Op Amp - Dual-Rail Supply:
This configuration is a Non-inverting Operational Amplifier using a
dual-rail supply consists of two 9 volt batteries. The supply provides
+9V (one rail), with respect to the circuit common(ground) as well as a
-9V (another rail).
The resistors value for R1 and R2 are 10K and the value for R3 is 100K.
Notice that there is a voltage divider circuit build around the inverter pin. One end of the divider is where R2 is tied to circuit common. The center of the divider is where the other end of R2 plus the inverter pin of the Op Amp and one end of R3 are all joined together. The other end of R3 is tied to the Op Amp output pin which completes the voltage divider circuit. One of the INPUT ports is tied to the circuit common point. The second INPUT port is tied to the non-inverting input. To keep this input from floating and picking up stray signals R1 is used. The value is large enough as to not impact the input signal from moving the input voltage around. OK, Here is how this works.
Positive input voltage:
1) The output is sitting at O volts due to the two input voltages being at 0 volts. No voltage drop is across R1, R2 or R3. The Op Amp is at State-2.

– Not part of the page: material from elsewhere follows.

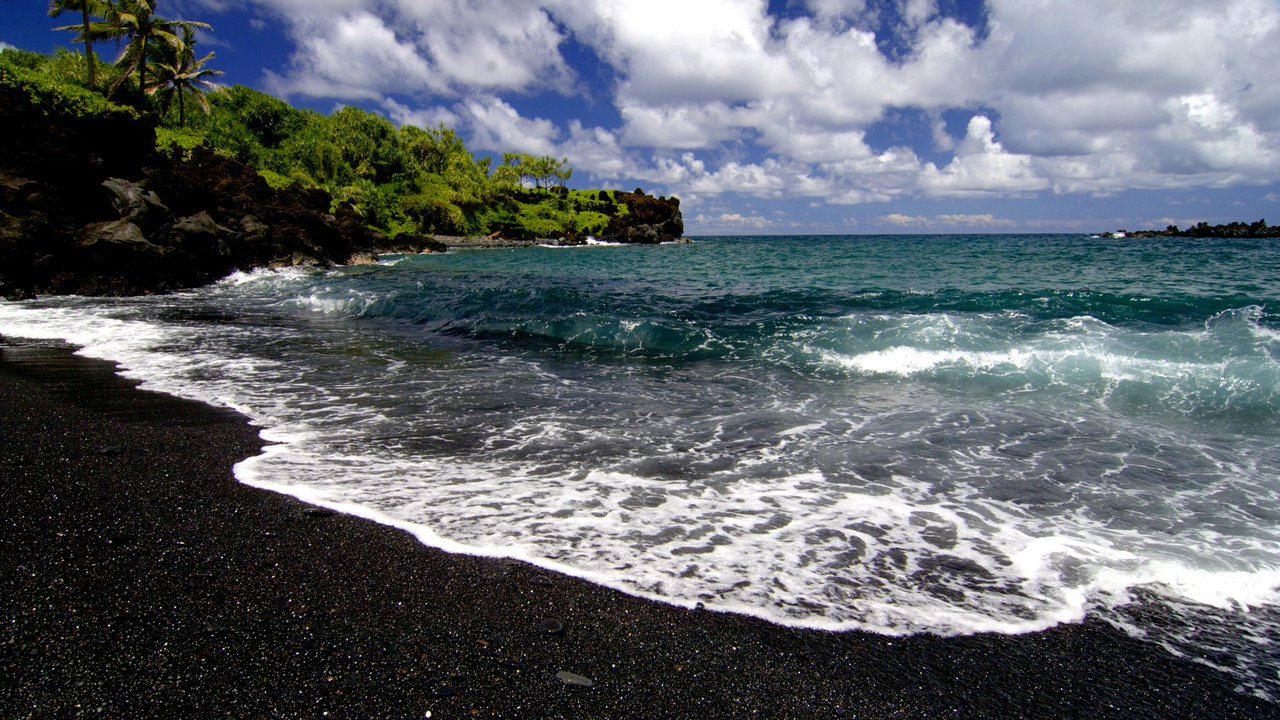 Обои небо, паналуу, облака, волны, море, пляж, горизонт, гавайи, чёрный песок, the sky, clouds, wave, sea, beach, horizon, hawaii, black sand разрешение 1920x1080 Загрузить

2) Now by increasing the input port voltage to +0.1V, this will cause non-inverter pin to signal the op amp to jump to State-3. The output starts to increase. The R3 starts applying that feedback voltage to the inverting pin until that pin also increased to +0.1 volts at which point the op amp switched back to state-2, with the output voltage at whatever level is required to hold the inputs at the same voltage level
3) Question: With both inputs +0.1V, what is the output voltage? Using Ohms law and the basic R2, R3 voltage divider, we can calculate the output voltage of the amplifier.
There is 0.1 volts across R2 of 10,000 ohms.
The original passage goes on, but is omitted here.